Su il Foglio del 23 agosto Stefano Ceccanti scrive La logica del referendum costituzionale spiegata a Di Maio & co.

Ceccanti , costituzionalista e già deputato del PD, è tra i più attivi sostenitori della riforma costituzionale.

La domanda che regge tutto il suo articolo è “che strategia hanno i sostenitori del NO in caso di vittoria?

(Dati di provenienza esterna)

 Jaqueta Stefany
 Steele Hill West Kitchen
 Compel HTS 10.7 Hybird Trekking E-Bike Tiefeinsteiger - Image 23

Come gestiranno il dopo referendum?

Ceccanti ci spiega che gli inglesi stanno sperimentando cosa voglia dire votare per la Brexit senza sapere come sarà gestita questa desiderata uscita … Allo stesso modo, Ceccanti chiede: come gestiranno il dopo referendum coloro che sostengono il NO alla riforma?

La domanda è capziosa.

Risulta evidente a chiunque che come in un referendum abrogativo la direzione di marcia è indicata nelle volontà di chi propone l’abrogazione, in un referendum costituzionale la bocciatura della riforma indica che gli elettori ritengono preferibile tenersi la Costituzione vigente e non cambiarla con qualcosa che considerano peggiorativo.

E’ stata una precisa volontà dei parlamentari approvare una sola riforma con tanti aspetti eterogenei, costringendo così l’elettore attento a pesare aspetti positivi e negativi per giungere a u giudizio sintetico: SI o NO.

La domanda di Ceccanti sottende la valutazione, tutta da dimostrare, che una riforma della Costituzione sia indispensabile.